The biggest factor for performance improvement is the recovery of advertising expenses and new product launches by major clients. Cheil Worldwide handles all domestic advertising volume for Samsung Electronics. When advertising spending increases due to new product launches, it benefits Cheil. Researcher Lee Hyun-ji of Eugene Investment & Securities said, "In the second half of this year, many new products will be unveiled by Samsung Electronics, and advertising spending is expected to increase. Cheil Worldwide's gross profit is also expected to increase accordingly."
The performance growth of overseas subsidiaries is also an anticipated factor. This is because the overseas subsidiaries that showed negative growth in the second quarter are expected to turn around in the third quarter. In particular, it is expected that the decline will be mitigated compared to the first half, centered on Southeast Asia where digital transformation is underway, China with a high digital proportion, and the U.S. where captive volume is secured. Researcher Eom Tae-woong of Bookook Securities explained, "Europe, where the proportion of non-affiliated companies is relatively high, is still slow to recover from the impact of COVID-19, so negative growth is inevitable. However, the recent increase in Samsung Electronics' advertising execution and performance improvement centered on North America, China, and Southeast Asia, where digital advertising is high, will cover this and lead to a rebound in the performance of all overseas subsidiaries in the second half."

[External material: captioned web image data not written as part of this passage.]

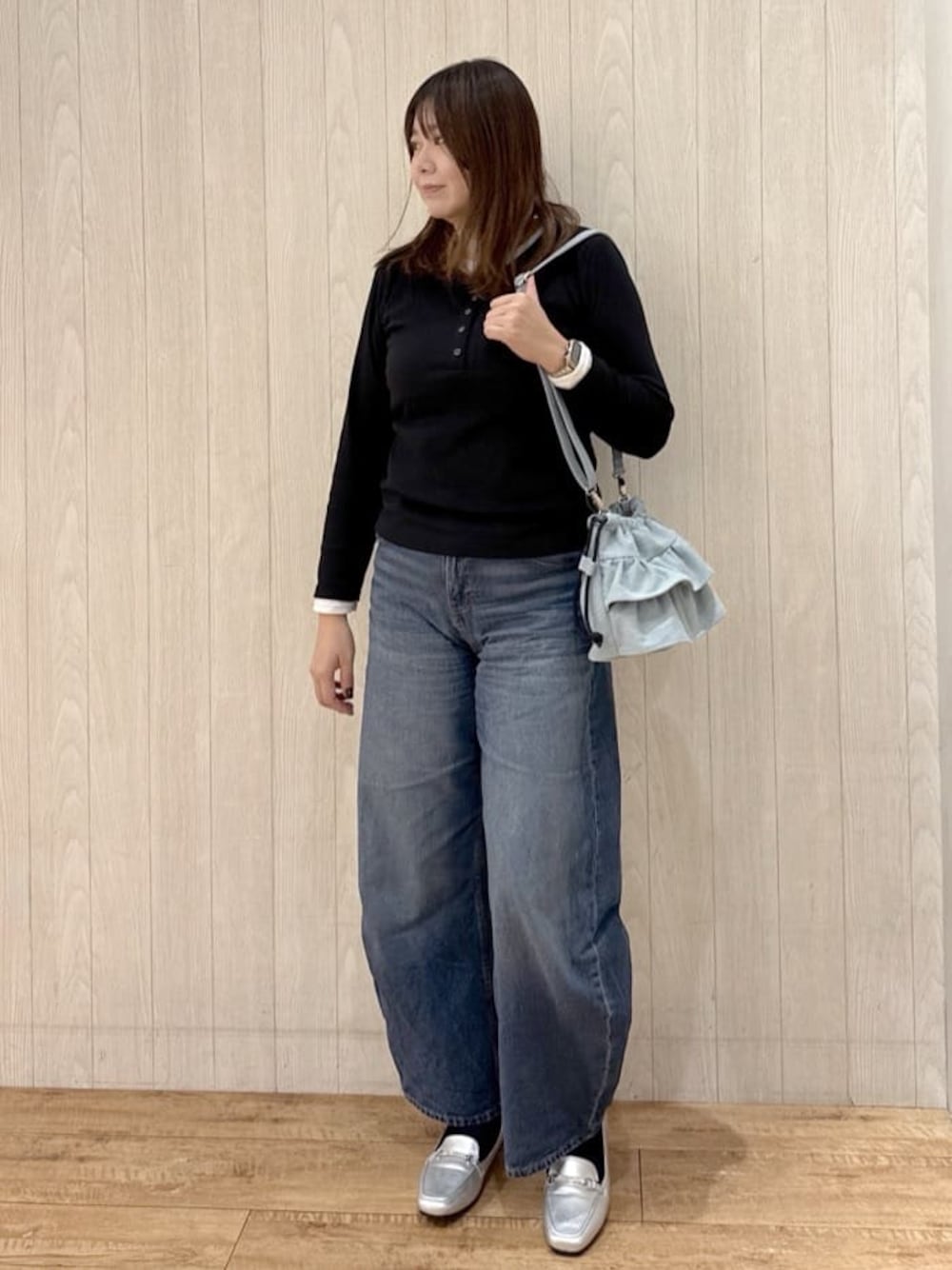 ブラック系のTシャツ/カットソー、ブルー系のデニムパンツ、シルバー系のパンプスを着用したレディースの冬コーディネートの1枚目の写真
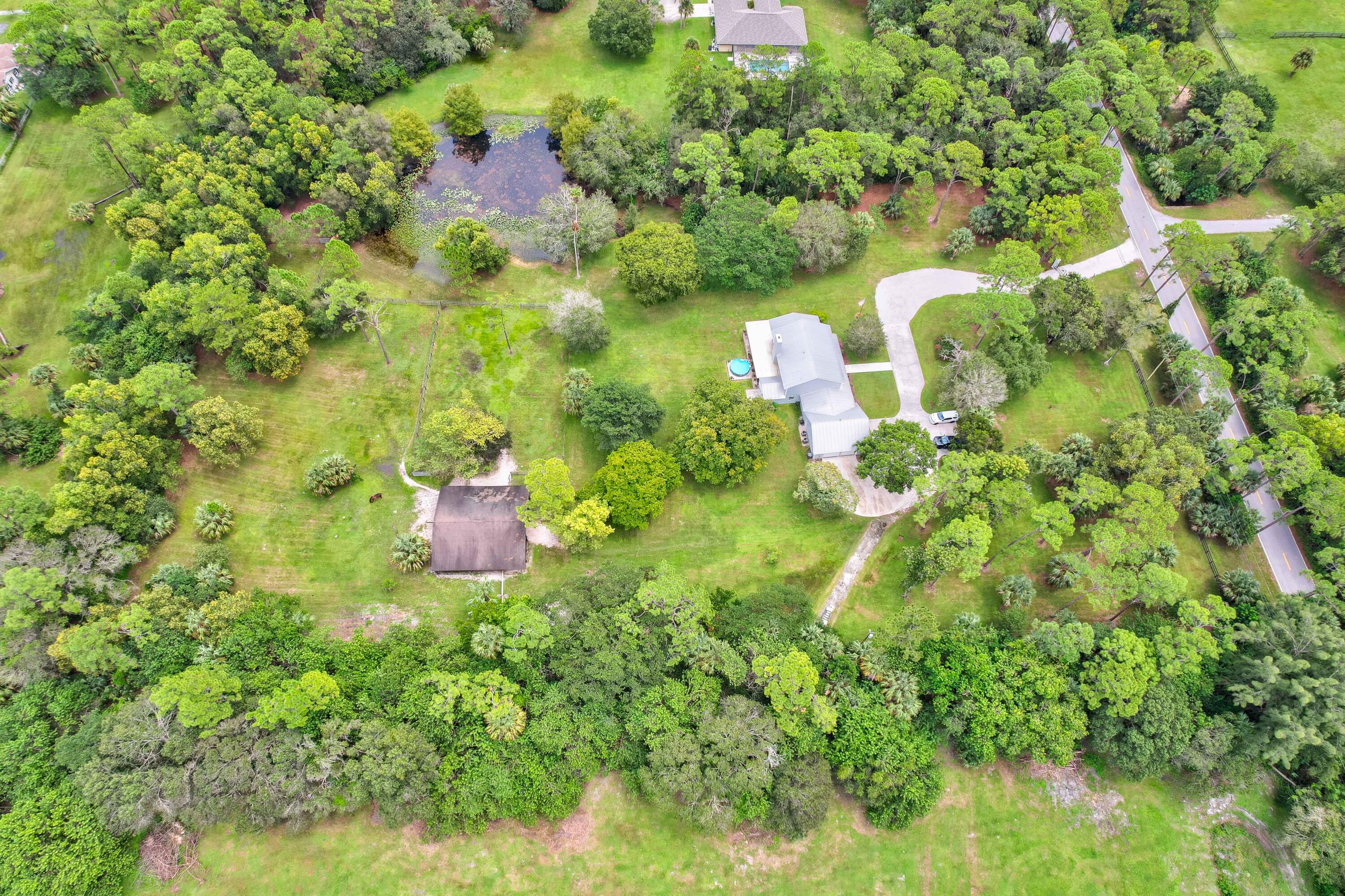 10719 Randolph Siding Road Jupiter, FL 33478 - Photo 5 of 100 03_dji_0226_27_28_29_30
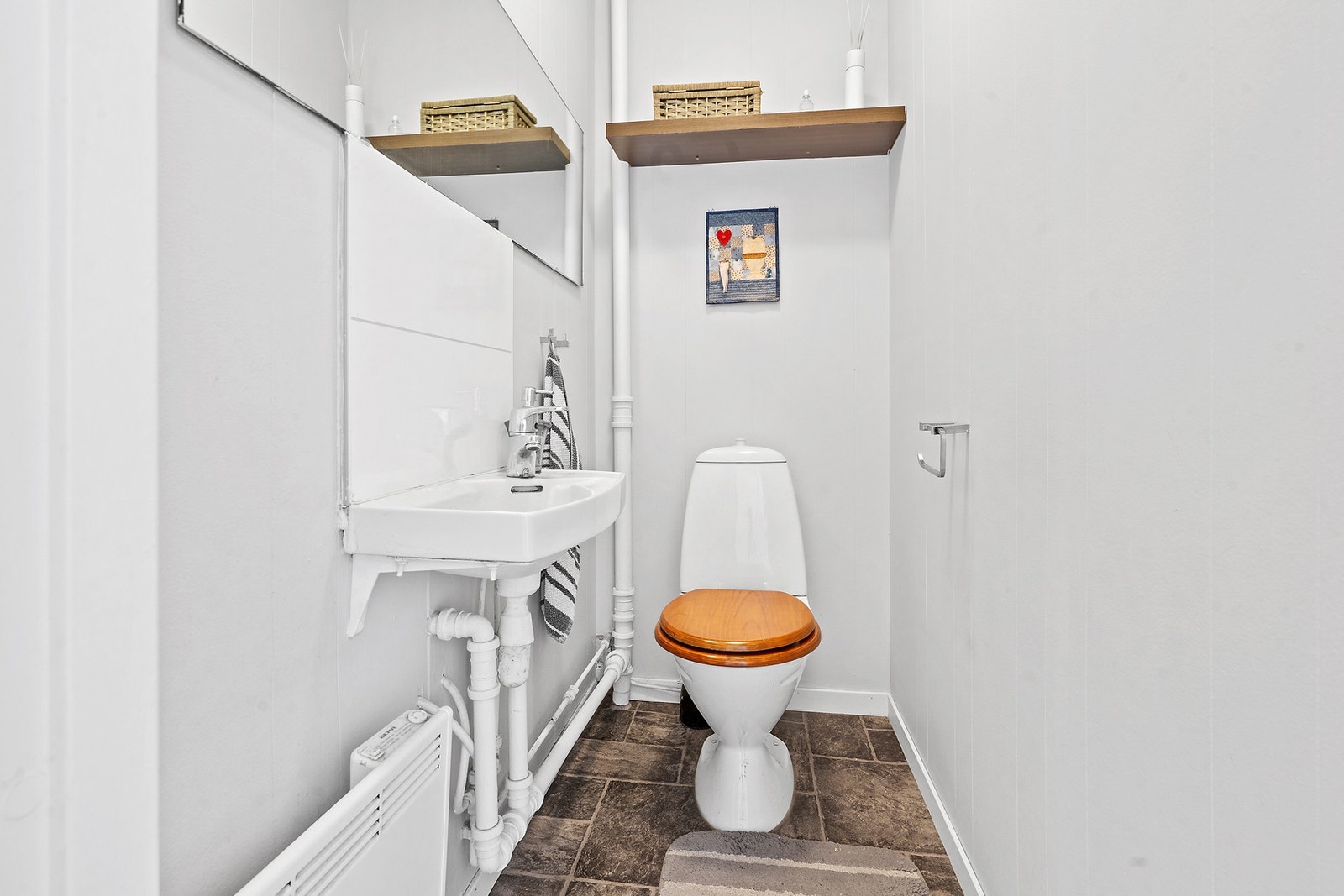 Separat toalettrom utstyrt med frittstående toalett og servant. Galleribilde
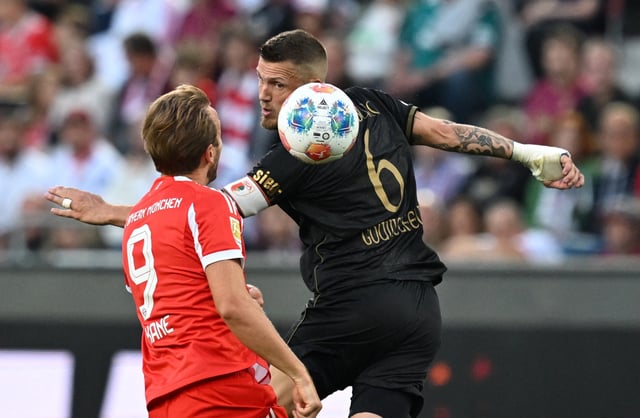 Soccer Football - Bundesliga - FC Augsburg v Bayern Munich - WWK Arena, Augsburg, Germany - August 30, 2025 FC Augsburg's Jeffrey Gouweleeuw in action with Bayern Munich's Harry Kane REUTERS/Angelika Warmuth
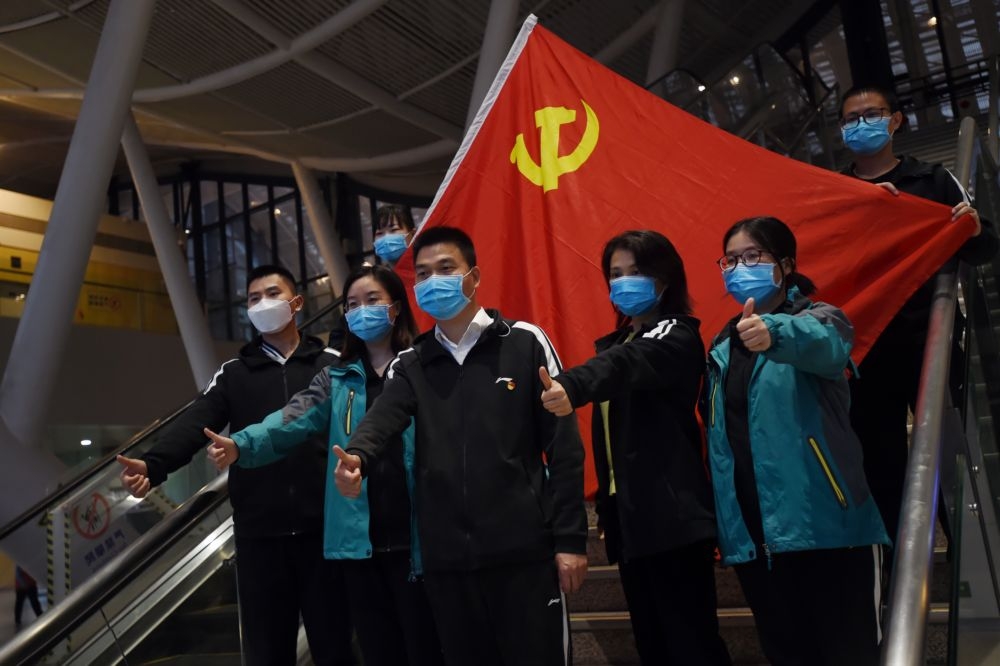 中國疫情趨緩，湖北省武漢市的支援醫護人員準備離去，18日於武漢車站內的中國國旗合影。（湯森路透）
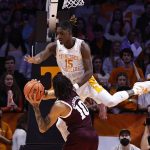 
              Tennessee guard Jahmai Mashack (15) flies over Texas A&M guard Aaron Cash (0) while defending during the first half of an NCAA college basketball game Tuesday, Feb. 1, 2022, in Knoxville, Tenn. (AP Photo/Wade Payne)
            
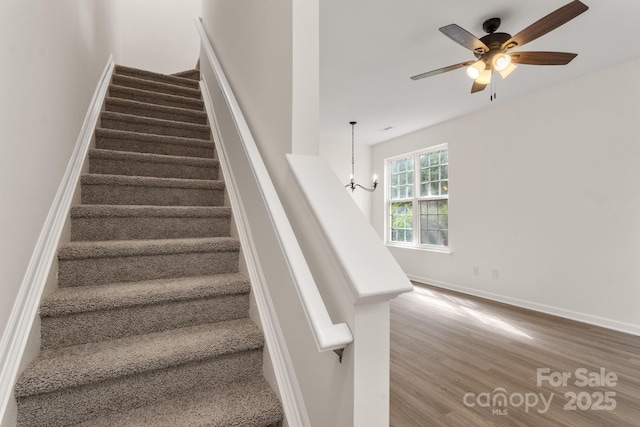 5529 Seths Dr, Charlotte, NC 28269 - stairway featuring wood finished floors, a ceiling fan, baseboards, and a chandelier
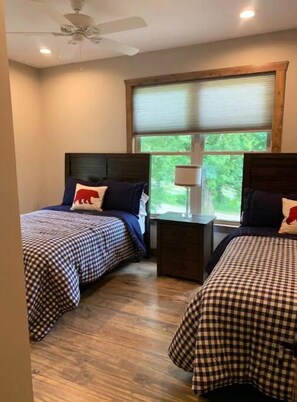 A bedroom with two beds, each with checkered bedding and a pillow with a red bear design. There is a ceiling fan, a window with blinds, and a nightstand between the beds.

The global advertising market's continuous expansion of the online market is also a positive aspect. According to U.S. market research firm eMarketer, global advertising expenditure this year is expected to be 614.73 billion USD, a 4.9% decrease from the previous year, but digital advertising is projected to increase by 2.4% to 332.84 billion USD. The same applies domestically. According to the Korea Online Advertising Association, the online advertising market size, which was 64.213 trillion KRW last year, is expected to exceed 77 trillion KRW this year, surpassing the offline market for the first time. This shows that despite the COVID-19 situation, the online advertising market remains solid.
Cheil Worldwide is expected to grow in this field as it has strengthened its digital sector by acquiring various overseas advertising companies in the past. Researcher Lee emphasized, "Through mergers and acquisitions (M&A), it is securing non-affiliated advertiser volume and internalizing digital capabilities by acquiring numerous digital and retail-based advertising companies. Major digital subsidiaries, China's Pungtai and the U.S.'s TBG (The Barbarian Group), are steadily growing, and the proportion of digital business through local subsidiaries is increasing every year."